As Western academic institutions re-evaluate their ties with China in the face of the mass detention of around one million Uyghurs and other minorities in Xinjiang, one leading U.S. scientist is facing criticism for giving a keynote speech at the country’s largest conference for biometrics.
As revealed by Coda Story last month, Anil K. Jain, the head of Michigan State University’s Biometrics Research Group, traveled to Xinjiang’s capital Urumqi in August 2018 and gave a speech about facial recognition at the Chinese Conference on Biometrics Recognition (CCBR). Jain was also on the CCBR’s advisory board and was pictured receiving an honorary certificate.

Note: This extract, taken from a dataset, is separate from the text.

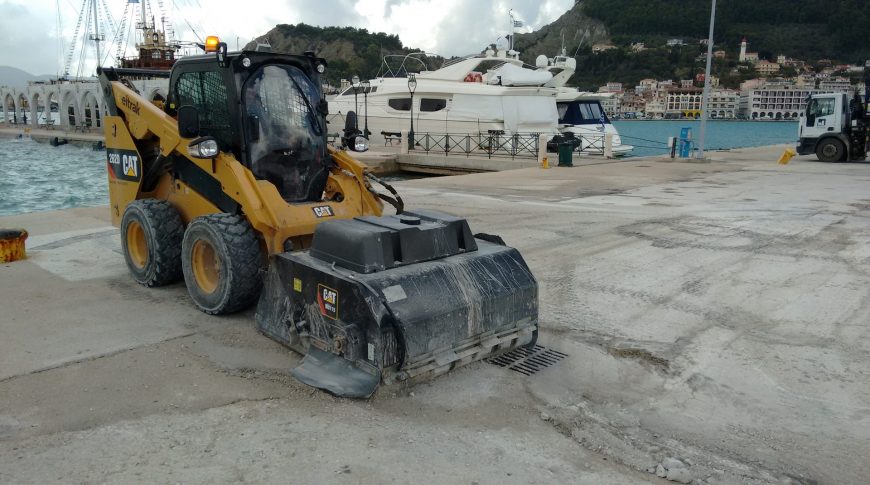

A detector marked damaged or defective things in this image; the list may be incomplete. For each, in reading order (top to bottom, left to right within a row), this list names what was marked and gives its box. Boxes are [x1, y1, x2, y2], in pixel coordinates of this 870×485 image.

rusty bollard [0, 229, 28, 262]
cracked concrete pavement [0, 146, 868, 482]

Jain is regarded as one of the world’s most influential computer scientists and a pioneer in areas of pattern recognition and biometric recognition systems. He has won countless awards and honors and is often quoted on U.S. facial recognition issues in publications like Wired and Slate. In the same month as Jain presented a paper titled “From the Edge of Biometrics: What’s Next?” at the CCBR conference in Urumqi, a United Nations human rights panel described Xinjiang as resembling a “massive internment camp that is shrouded in secrecy.”
Biometrics played a prominent role in the government-led “anti-terror” crackdown which saw hundreds of thousands of Uyghurs detained in re-education camps. Facial recognition, DNA collection, iris scans, and other methods of surveillance became ubiquitous.